Het was een hele waardevolle periode waarin Hans en ik heel close werden, we draaiden zijn geliefde klassieke muziek, ik magnetiseerde hem zodat hij meer ruimte kreeg. Op het laatst mocht hij niet meer eten en ik at mijn bordje in de keuken, om hem te ontlasten, maar hij wilde dat ik mijn bord in zijn bijzijn at.  Dat was heel ontroerend en wonderschoon.
We bespraken alles wat nog te bespreken was, het waren prachtige, waardevolle en dierbare weken.


De studenten die mijn opleiding volgden pikten het dat ik ook mijn thuisfront had, maar ik wilde ze ook een gedegen opleiding geven, waar ze immers voor betaalden. In diezelfde periode moest ik mijn eigen opleiding geaccrediteerd krijgen als een vakopleiding. Door de EMI docenten werd de zomerweek in het Dominicanenklooster opgepakt en tijdens Hans ziekbed tekenden ze voor hem en droegen zo bij aan de bijzondere betekenis die hij binnen het Mandala gebeuren als fotograaf en naaste medewerker had.

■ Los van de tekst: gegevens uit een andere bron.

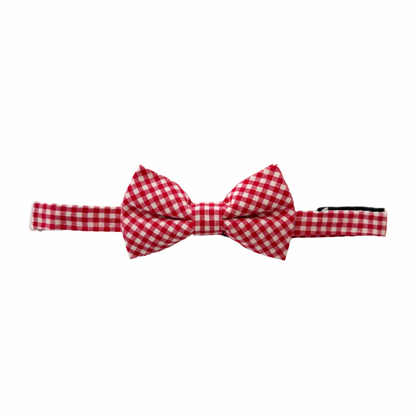 Ralphie Red Gingham Boys Bow Tie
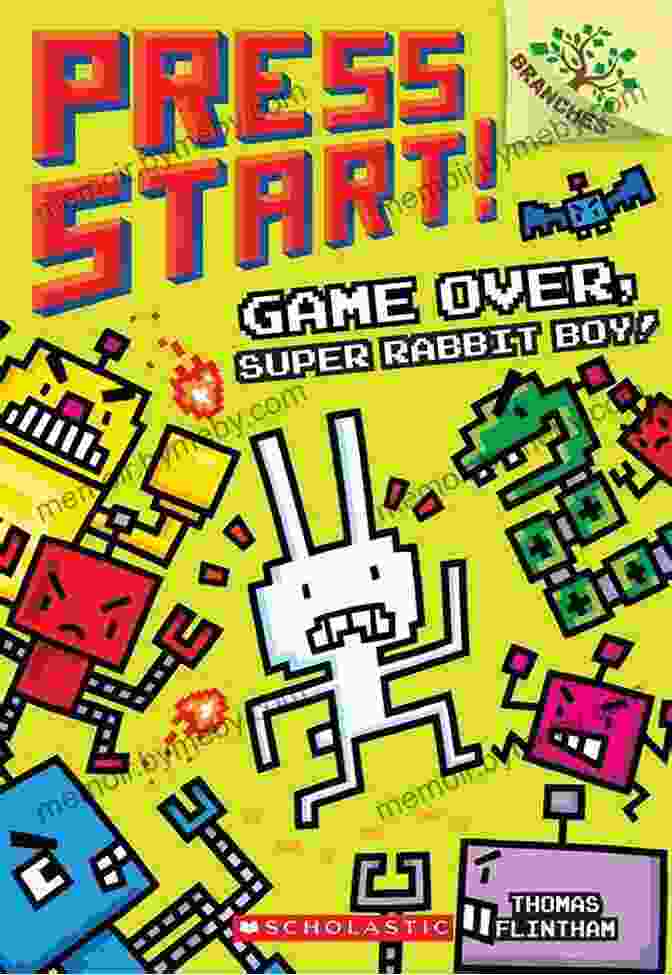 Game Over Super Rabbit Boy Branches Press Start Book Cover Featuring A Rabbit Boy Character Holding A Controller And A Carrot Game Over Super Rabbit Boy A Branches (Press Start #1)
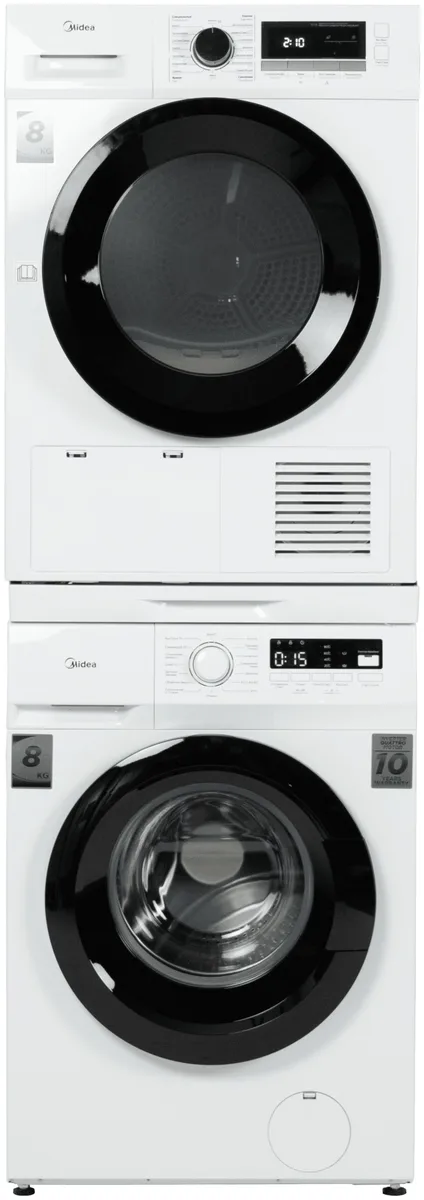 Стиральная машина Midea MFN03W80B/W-KZ белый + подарок (УТ-00009024,УТ-00011066)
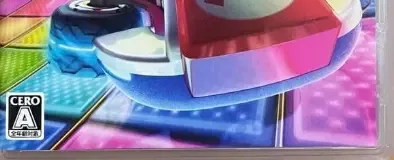 Mario Kart 8 Deluxe, the CERO letter on its front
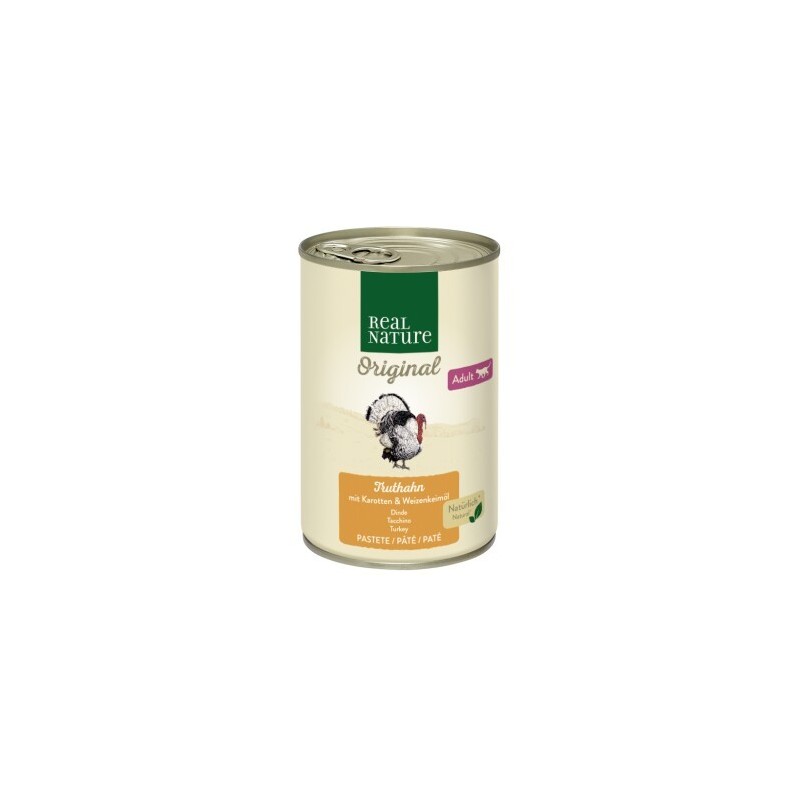 REAL NATURE Adult Truthahn, Karotten und Weizenkeimöl 6x400 g
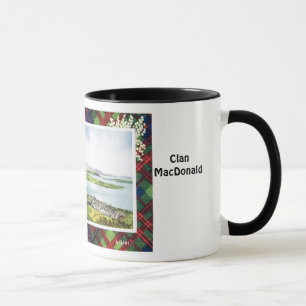 Caneca do Tartan, clã MacDonald,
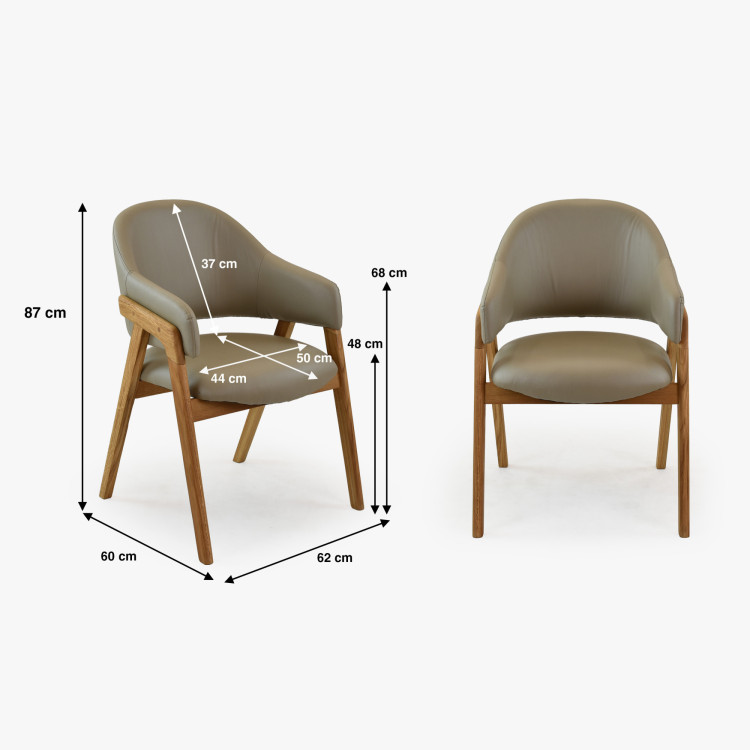 York & Beny étkező szett – elegancia és kényelem masszív tölgyből  - 11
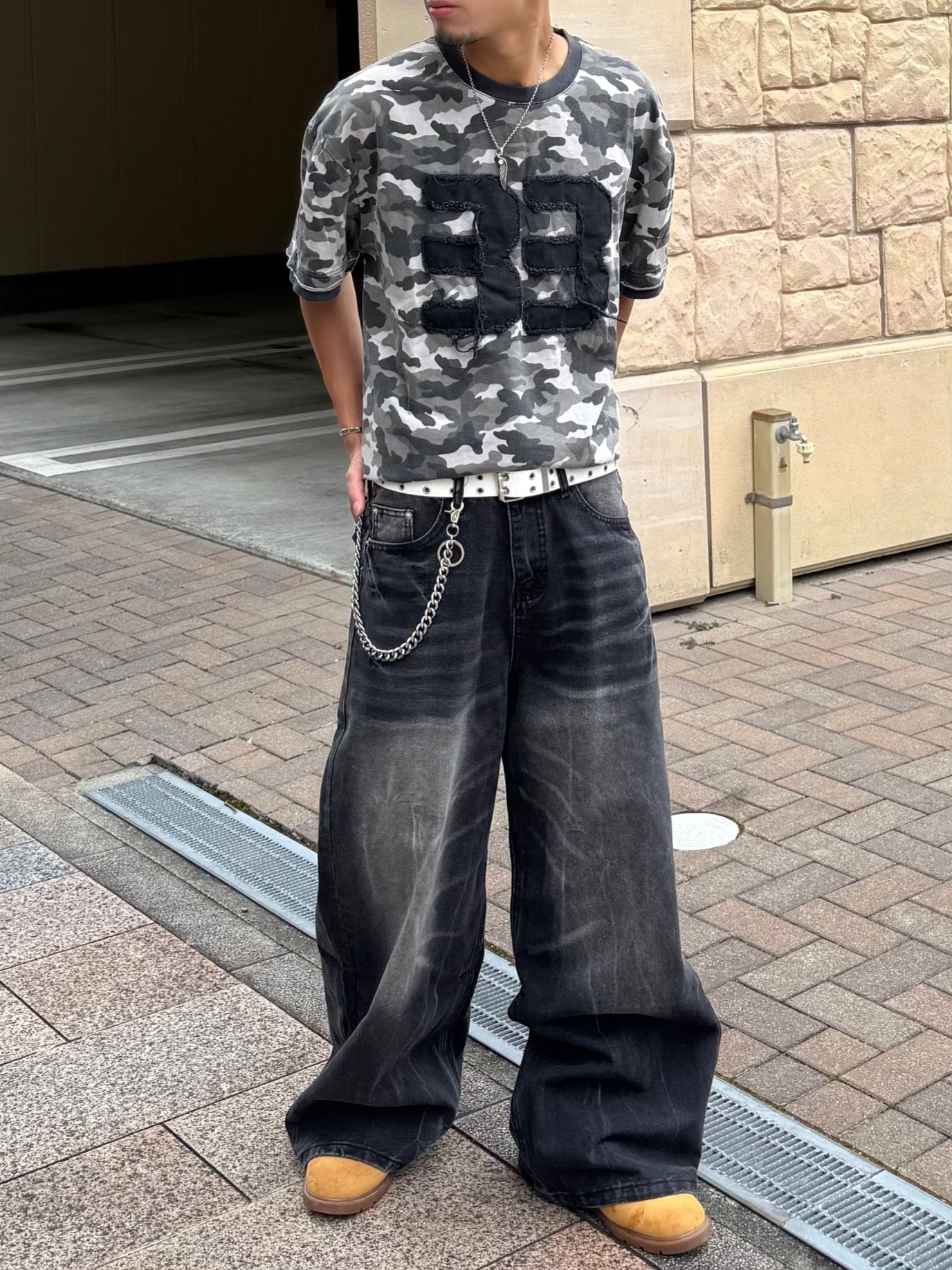 ウォッシュオーバーサイズデニムパンツ DPB90220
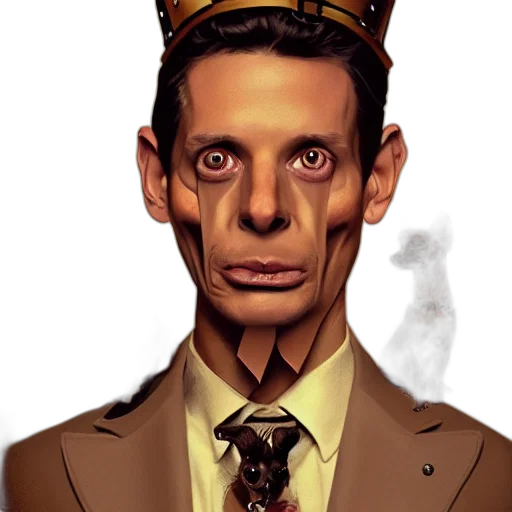 face, crown, staff, mask transparent PNG cut-out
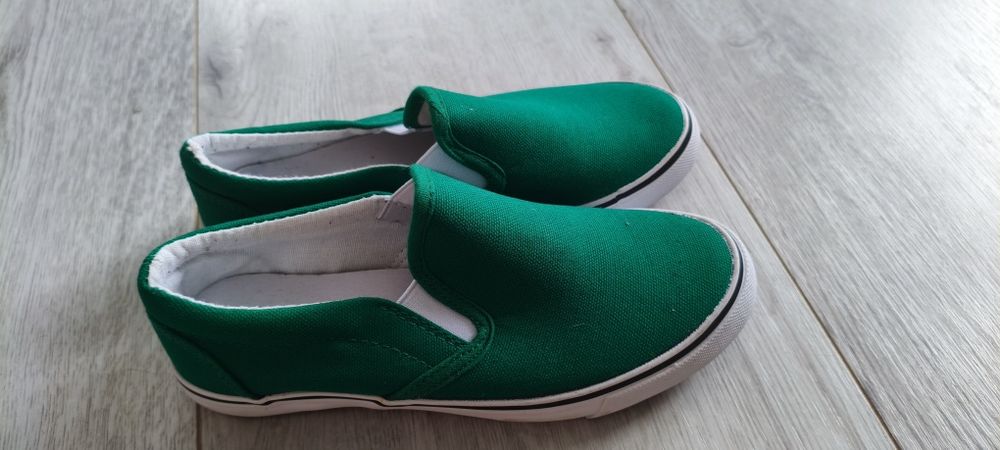 Trampki chłopięce 32 zielone Nowe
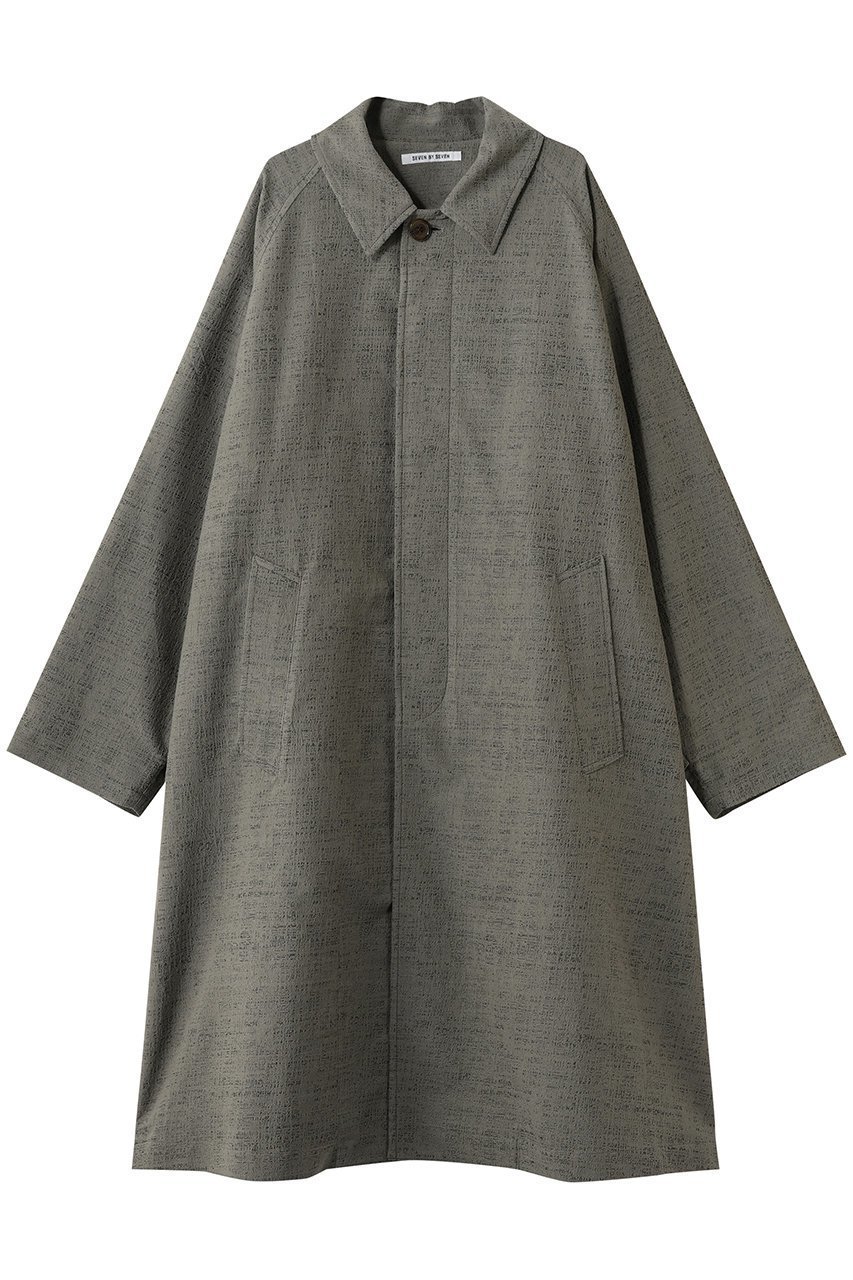 【セブン バイ セブン/SEVEN BY SEVEN / MEN】の【MEN】BAL COLLAR コート インテリア・キッズ・メンズ・レディースファッション・服の通販 founy(ファニー) 　ファッション　Fashion　メンズファッション　Fashion for Men　2026年　2026　クラシカル　Classical, Vintage-Inspired　バランス　Balance, Style Balance　ビジネス 仕事 通勤　Business / Work / Commuting　ポケット　Pocket, Pocket Detail　モダン　Modern, Contemporary　ロング　Long, Long-Length　夏　Summer　春　Spring　S/S・春夏　SS, Spring/Summer, Warm Season　オリーブ|ID: prp329100004843194 ipo3291000000035977803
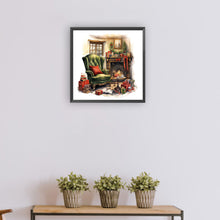 Load image into Gallery viewer, Sofa Indoors 30*30CM(Canvas) Full Round Drill Diamond Painting
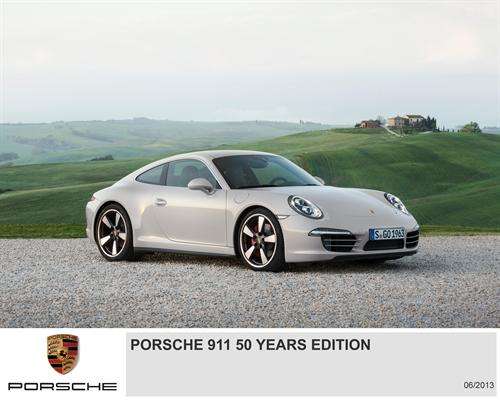 Porche 911 50th Anniversary Edition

Uiteindelijk is hij hier de tuin uit gedragen. We waren in Amstelveen al bezig met ballast overboord te gooien wat ons niet meer diende en voor hem heeft dat hier uiteindelijk zijn beslag gevonden. Nu kan ik verder met mijn opleidingsinstituut verder vorm te geven, iets wat Hans mij van harte zou gunnen.” Hiermee sloot Danka haar verhaal af.

Nadien liet ze me de collectie boeken zien die ze zelf heeft geschreven en haar edelstenen collectie. We aten een boterhammetje samen in de keuken waar ze nadien mijn geboortedatum 1 sept. 1965 analyseerde vanuit de numerologie. Zelf stond ik enerzijds verbaasd wat er uit de bus kwam aan de hand van een paar cijfers, anderzijds ken ik mijzelf redelijk goed waardoor ik niets nieuws hoorde.

Danka's boeken
Danka’s boeken

Danka mag ik je bedanken dat  je bereid bent dit  uitzonderlijk verhaal met ons te delen. Wat mij opvalt is hoe bepaalde stukken in je leven als een puzzel in elkaar vallen. Enerzijds je creativiteit, je schrijfvaardigheid, je rol als kleuterleidster en je helende werking op mensen vanuit je inzichten, hebben je leven nu tot een geheel gemaakt door ze samen te voegen in je eigen opleidingsinstituut in de wereld te zetten. Waar andere mogelijk zeggen fantaseer maar niet te veel, kun jij zeggen Dineke kan het wel.
Dank je voor je bijdragen aan de samenleving, samen maken we de wereld ieder op zijn manier een stukje mooier. Jij bent er een prachtig voorbeeld van. Weet zeker dat Hans ontzettend trots op je is en je bent nu ‘groot’ genoeg om alleen verder te kunnen gaan om je missie verder gestalte te geven, waarbij je de hand van je partner niet meer nodig hebt. Je bent zichtbaar geworden. Voel me erg vereerd om je in mijn leven te hebben mogen ontmoeten. Nogmaals dank voor je bijdrage en wie weet komen we elkaar wel weer ergens tegen. Weet dat bij mij de deur altijd open staat voor je.